Deus non alligatur. God is not bound. Nibbanam paramam sukham. Unbinding is the Highest Happiness. The Heart is Divinity. God is the primal radiance of Divinity. Nature is the primal manifestation of Divinity. The Buddha is the primal realization of Divinity. La ilaha il Allah. Allah is Complete Wholeness.

25 December 2007

The Two Great Problems

The two great problems facing any attempted holistic understanding of Christianity and Buddhism center on (1) birth; and (2) death.

Christianity argues that the soul is uniquely created at conception, whereas Buddhism posits that the stream of consciousness within a person is a continuation from pre-birth times.

Christianity argues that bodies and souls will be re-united after the Final Judgement, and humans will spend eternity in resurrected bodies; whereas Buddhism posits that eternity is realized in nirvana.

Both the Christian and the Buddhist position are viable, and they stress different aspects of the very same reality.

For the Christian, the "soul" is considered to be the innermost aspect of a human, and the creation of a new body at conception means that the "soul" is also created, because a new human is created.

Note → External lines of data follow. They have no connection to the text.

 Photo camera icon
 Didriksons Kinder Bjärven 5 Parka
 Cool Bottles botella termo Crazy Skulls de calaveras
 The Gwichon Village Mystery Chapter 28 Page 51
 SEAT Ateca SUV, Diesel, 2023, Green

The stream of consciousness in Buddhism is the rapid appearance-existence-disappearance process of mental states. This stream of consciousness appears at conception associated with the newly conceived human -- thus, one can speak of the stream of consciousness as being "created" (by causes and conditions) at conception. Speaking thusly would not negate the reality that the stream of consciousness is karmically related to earlier parts of the stream.

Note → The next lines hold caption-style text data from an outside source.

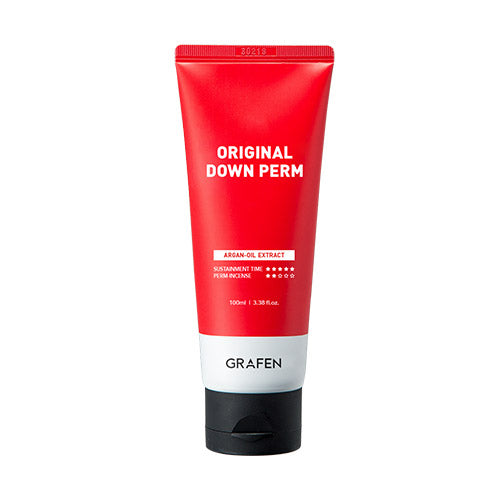 [Grafen] ORIGINAL DOWN PERM 100ml - Dodoskin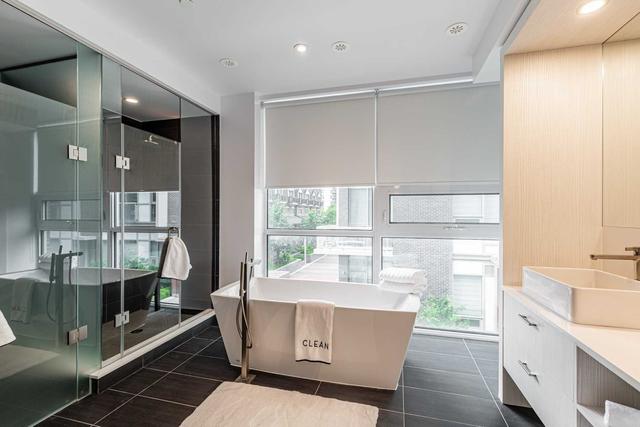 th02 - 101 Erskine Ave, Townhouse with 3 bedrooms, 4 bathrooms and 2 parking in Toronto ON | Image 10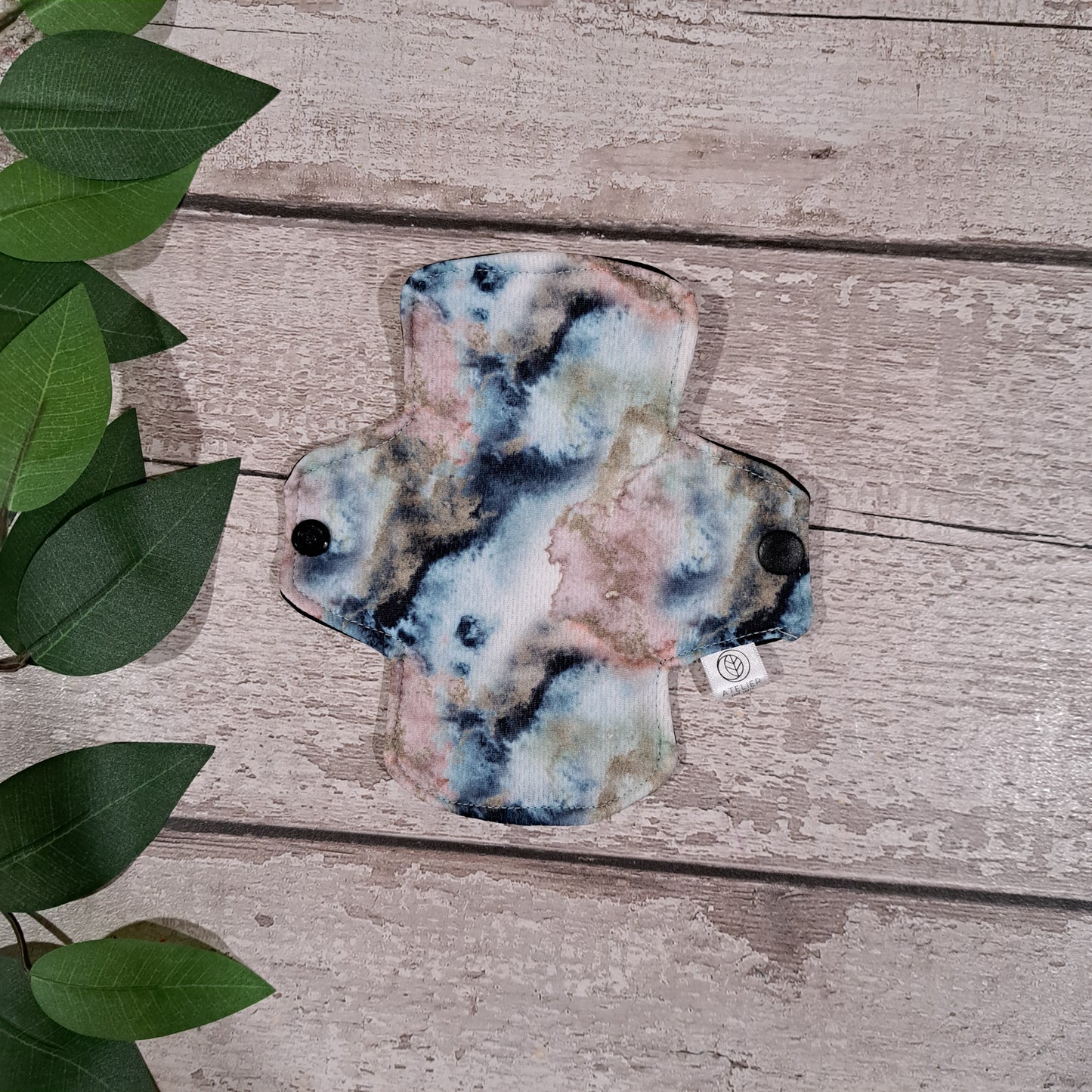 Imparfaites - AWJ - Serviette Hygiénique Lavable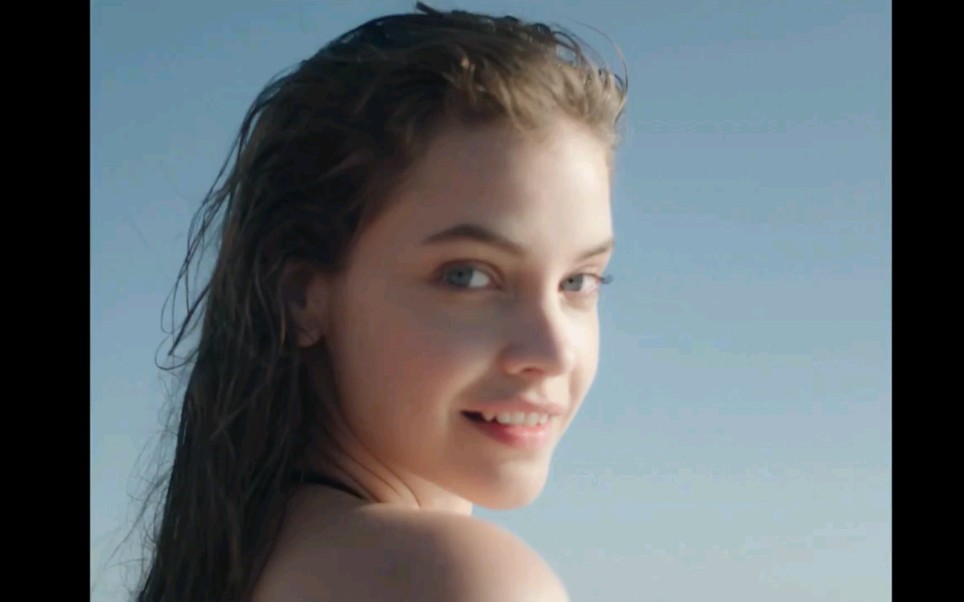 [图]【Barbara Palvin】“你眼中仿若有星辰大海，我甘愿沉溺”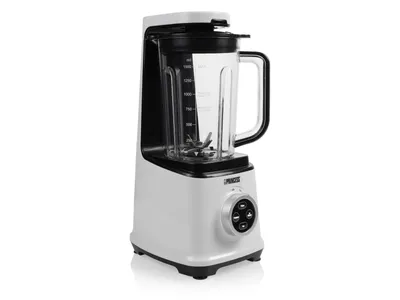 Produktbild von Princess 01.219600.01.001, Tischplatten-Mixer, 1,5 l, Eis-Crusher, 1 m, 800 W, Schwarz, Weiß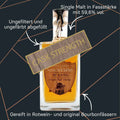 Mc Raven Single Malt Whisky Cask Strength 0,7 l der Sauerländer Edelbrennerei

As an analogy, consider a flame on candle A to be the stream of consciousness of a particular person. The flame of candle A is used to light candle B, and the candle A flame is extinguished. The flame of candle B is karmically related (literally "related by action") to the flame of candle A, and yet the flame of candle B is a new "creation" as well: the flame of candle B is both the same and yet not the same, as the flame of candle A. The flame of candle B is the new soul, newly created; and yet the flame of candle B can also be seen as the continuation of the "stream of flame" that was part of candle A.

Regarding death, the Christian vision is that you die, and then after time spent in the realm of the dead, you are resurrected bodily, and spend eternity in the body. In the Buddhist vision, you die, then you spend however long it takes in different bodies, until finally nirvana is realized, which frees you from being limited to any one body. But look closely: to be free from being limited to any one body, is to be free to be associated with all bodies. In Buddhism, the realization of nirvana means that the realizer now realizes no-difference from any body; the realizer realizes non-difference from "this one", and "that one", and "those over there". So, eternity is indeed spent "in the body", once nirvana is realized, but this "body" is not one, but infinite. Buddhism envisions an "unbounded resurrection body". In other words, ultimately, the universe, the cosmos, as a whole is one great body, and realization of nirvana also means the realization of no-difference in relation to the great universe-body. So the Christian idea of the resurrection of the body, signifies the larger process of one's bodily resurrection as the universe-body.

Thus, hidden within Christianity, is Buddhism; and hidden within Buddhism, is Christianity.

A Buddha is Born! Svaha!
The Lord is Come! Maranatha!
Jai Baba!

2 comments:

Chandira said...

I go with the Buddhist version, personally. Although, there is a great discourse from Adi Da about the numberlessness of new souls that appear in the world, and how any number of new souls is infinitely possible, if they all arise in the One Consciousness. Adi Da has also mentioned what he calls a 'greater personality vehicle', and I think that's in line with the Buddhist viewpoint.